— Exercise objective —
Lines from the one with "Houses, boats and" up to and including the one with "unfurnished living room" are to be copied exactly from the records below, without their pictures.

— Provided material —
=== Section Start ===

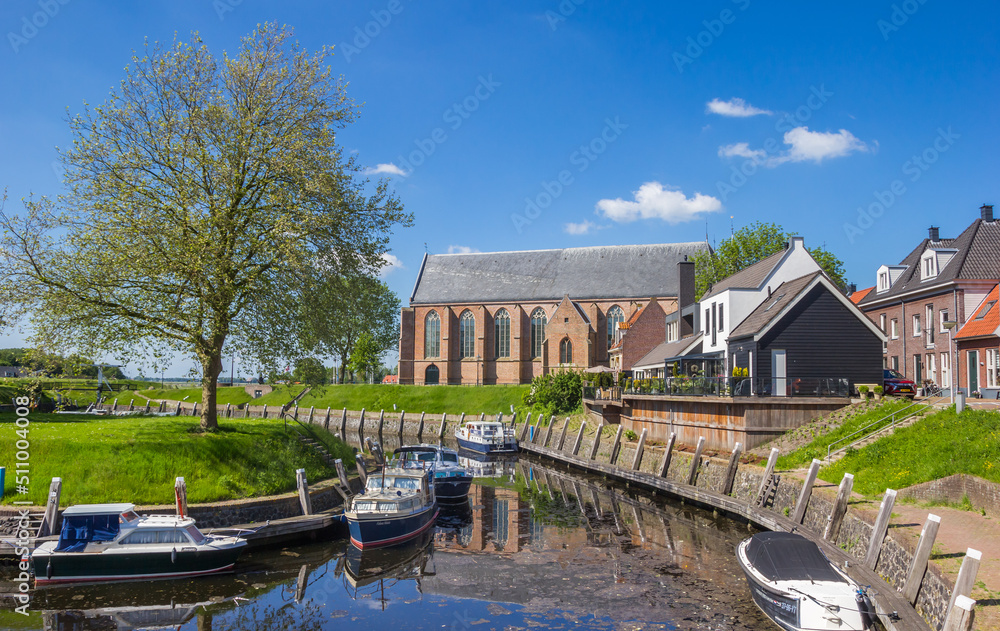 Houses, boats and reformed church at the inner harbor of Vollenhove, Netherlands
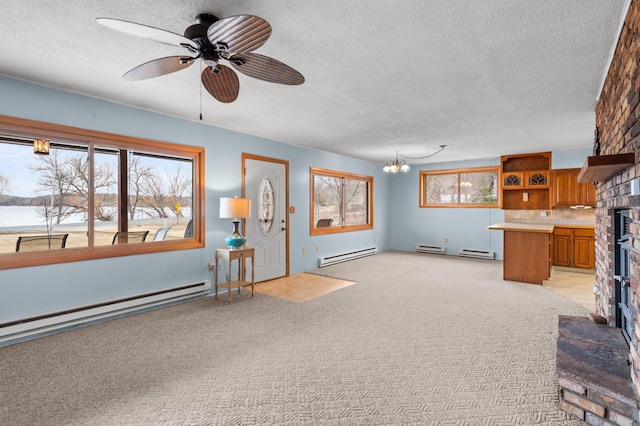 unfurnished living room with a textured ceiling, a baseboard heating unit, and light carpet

=== Section End ===
=== Section Start ===

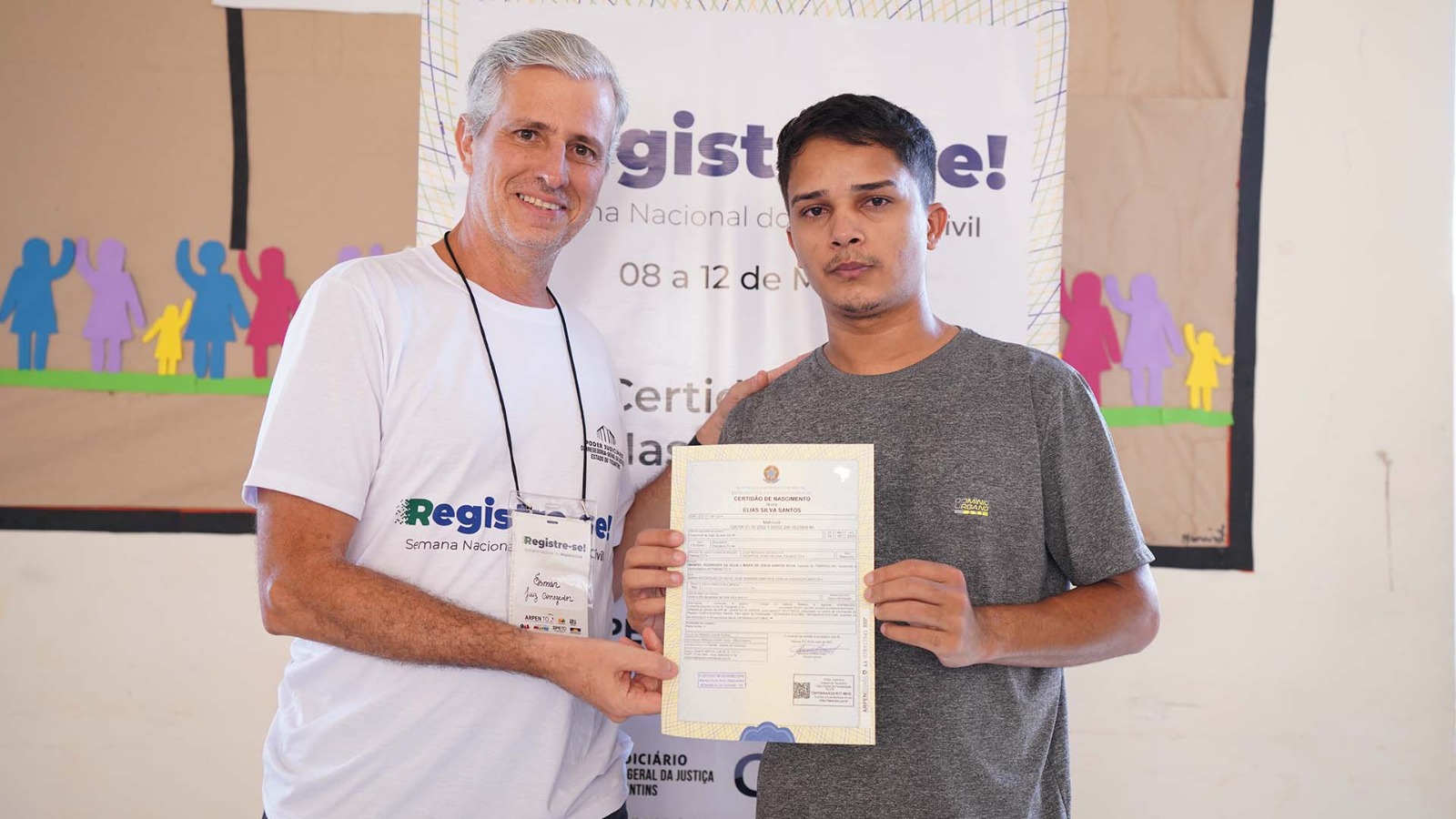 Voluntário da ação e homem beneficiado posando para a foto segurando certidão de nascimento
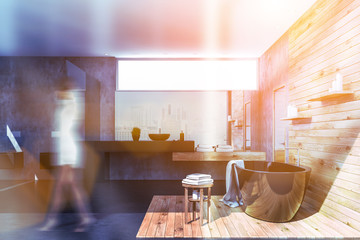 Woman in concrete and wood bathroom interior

=== Section End ===

— Result of this task —
 Houses, boats and reformed church at the inner harbor of Vollenhove, Netherlands
 unfurnished living room with a textured ceiling, a baseboard heating unit, and light carpet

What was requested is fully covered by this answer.